TOKYO, June 23 (Reuters) - Oil prices were steady on Tuesday, holding onto the previous session’s gains, amid more signs of fuel demand picking up after the depths of the coronavirus pandemic as major crude producers continue to stick to supply cuts.
Brent crude was up 6 cents at $43.14 a barrel at 0046 GMT, after gaining 2.1% on Monday. U.S. oil was up 8 cents at $40.81 a barrel, having risen 1.8% in the previous session.
“We’re starting to see the green shoots of recovery,” Exxon Mobil Australia Chairman Nathan Fay said at Credit Suisse’s annual Australian energy conference on Tuesday, referring to oil demand’s recovery from the collapse triggered by anti-coronavirus lockdowns.
The reopening of some U.S. states and countries around the world after lockdowns has helped sustain oil’s recent rally as demand for fuel returns. In New York, streets were clogged with traffic as the worst affected city in the United States emerged from more than 100 days of lockdown.

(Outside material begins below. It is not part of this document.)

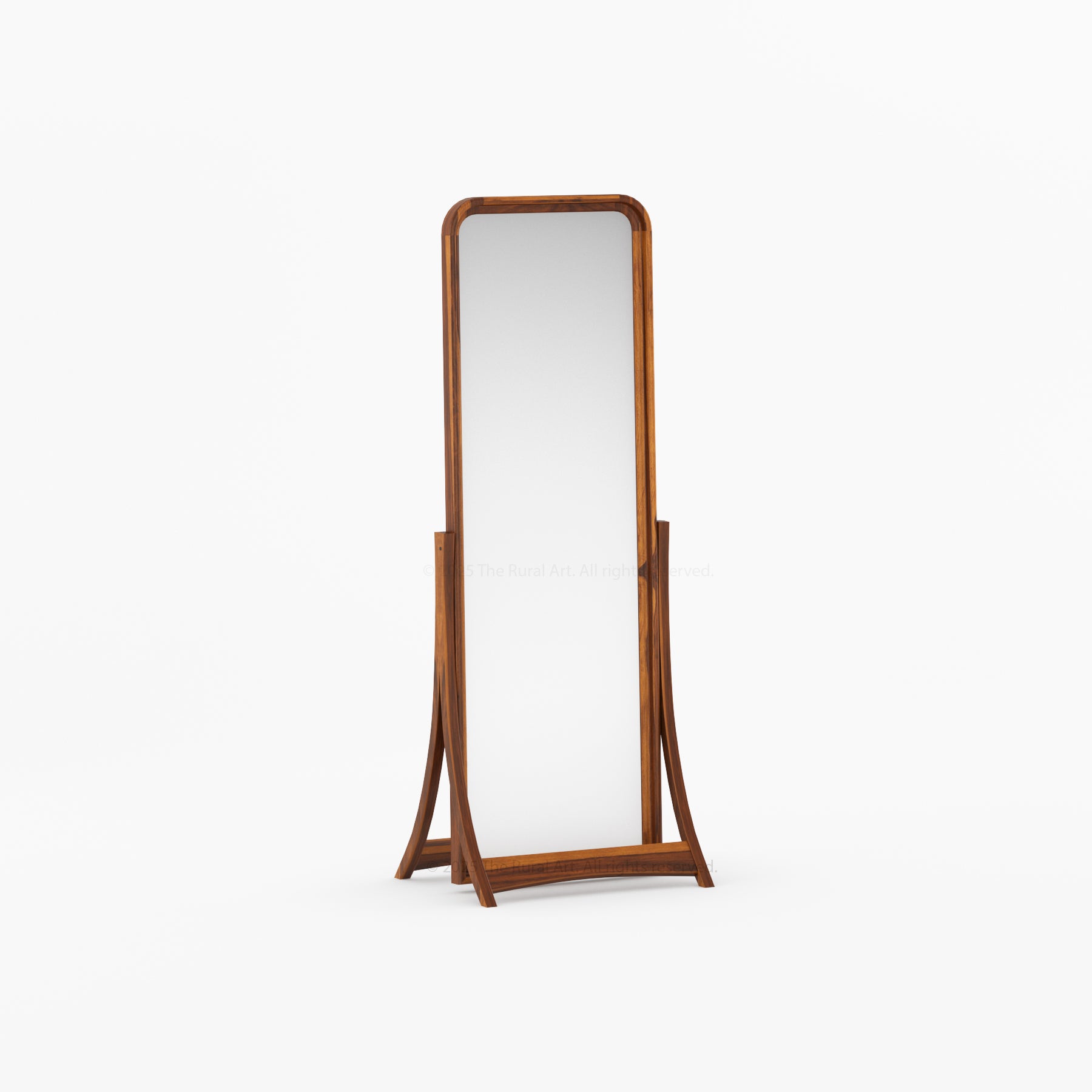 Garland Solid Wood Full-Length Freestanding Dressing Mirror with Rounded Frame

On the supply side, meanwhile, U.S. and Canadian oil and gas drillers cut the number of the rigs they are operating to a record low. That leaves them with a steep slope to scale towards recovery in output even with higher prices to spur them on.
“U.S. onshore production has now given up two full years of (volume) gains,” said Stephen Innes, chief global markets strategist, at AxiCorp. “It supports the market supposition that even with a rebound in price, the capital investment that had already been tapering off in Q1 isn’t flowing back quickly.”
U.S. oil rigs contracted for drilling dropped by 10 to 189 last week, their lowest since June 2009, according to weekly data from energy services firm Baker Hughes Co.
Gas rigs fell by three to 75, the lowest on record according to data going back to 1987.
Also supporting prices are indications that members of the Organization of the Petroleum Exporting Countries (OPEC) and allies in a grouping known as OPEC+ are complying with agreed record production curbs to balance the market is also a support for prices.